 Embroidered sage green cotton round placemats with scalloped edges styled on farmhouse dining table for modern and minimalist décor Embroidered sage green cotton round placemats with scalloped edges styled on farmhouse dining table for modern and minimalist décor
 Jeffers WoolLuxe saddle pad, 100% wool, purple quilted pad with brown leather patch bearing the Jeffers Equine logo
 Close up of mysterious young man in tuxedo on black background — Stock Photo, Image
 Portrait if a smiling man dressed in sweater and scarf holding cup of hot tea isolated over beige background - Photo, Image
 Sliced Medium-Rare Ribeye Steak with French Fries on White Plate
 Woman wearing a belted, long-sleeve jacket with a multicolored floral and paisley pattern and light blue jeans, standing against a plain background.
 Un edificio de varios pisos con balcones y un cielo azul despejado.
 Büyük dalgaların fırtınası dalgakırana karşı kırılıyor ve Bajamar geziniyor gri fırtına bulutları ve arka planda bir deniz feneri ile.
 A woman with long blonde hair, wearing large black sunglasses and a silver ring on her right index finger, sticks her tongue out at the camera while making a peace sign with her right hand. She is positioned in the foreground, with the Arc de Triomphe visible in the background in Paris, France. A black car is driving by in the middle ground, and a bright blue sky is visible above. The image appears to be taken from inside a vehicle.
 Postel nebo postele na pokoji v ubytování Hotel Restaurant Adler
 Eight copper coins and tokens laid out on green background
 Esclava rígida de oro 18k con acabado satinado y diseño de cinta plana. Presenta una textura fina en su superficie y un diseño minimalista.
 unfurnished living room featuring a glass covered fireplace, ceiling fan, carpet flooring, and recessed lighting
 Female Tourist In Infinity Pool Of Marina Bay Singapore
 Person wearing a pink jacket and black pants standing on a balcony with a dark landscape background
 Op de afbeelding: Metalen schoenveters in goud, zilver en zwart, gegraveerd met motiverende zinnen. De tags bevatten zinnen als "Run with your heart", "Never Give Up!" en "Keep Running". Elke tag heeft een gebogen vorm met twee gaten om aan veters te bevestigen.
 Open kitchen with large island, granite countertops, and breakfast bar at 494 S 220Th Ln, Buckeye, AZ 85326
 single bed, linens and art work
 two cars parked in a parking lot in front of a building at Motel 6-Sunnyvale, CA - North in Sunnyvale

Assignment - Once the line containing "Un edificio de" has been retyped, stop. Begin at the first line of the material and reproduce every line up to it exactly.

Answer section -
 Embroidered sage green cotton round placemats with scalloped edges styled on farmhouse dining table for modern and minimalist décor Embroidered sage green cotton round placemats with scalloped edges styled on farmhouse dining table for modern and minimalist décor
 Jeffers WoolLuxe saddle pad, 100% wool, purple quilted pad with brown leather patch bearing the Jeffers Equine logo
 Close up of mysterious young man in tuxedo on black background — Stock Photo, Image
 Portrait if a smiling man dressed in sweater and scarf holding cup of hot tea isolated over beige background - Photo, Image
 Sliced Medium-Rare Ribeye Steak with French Fries on White Plate
 Woman wearing a belted, long-sleeve jacket with a multicolored floral and paisley pattern and light blue jeans, standing against a plain background.
 Un edificio de varios pisos con balcones y un cielo azul despejado.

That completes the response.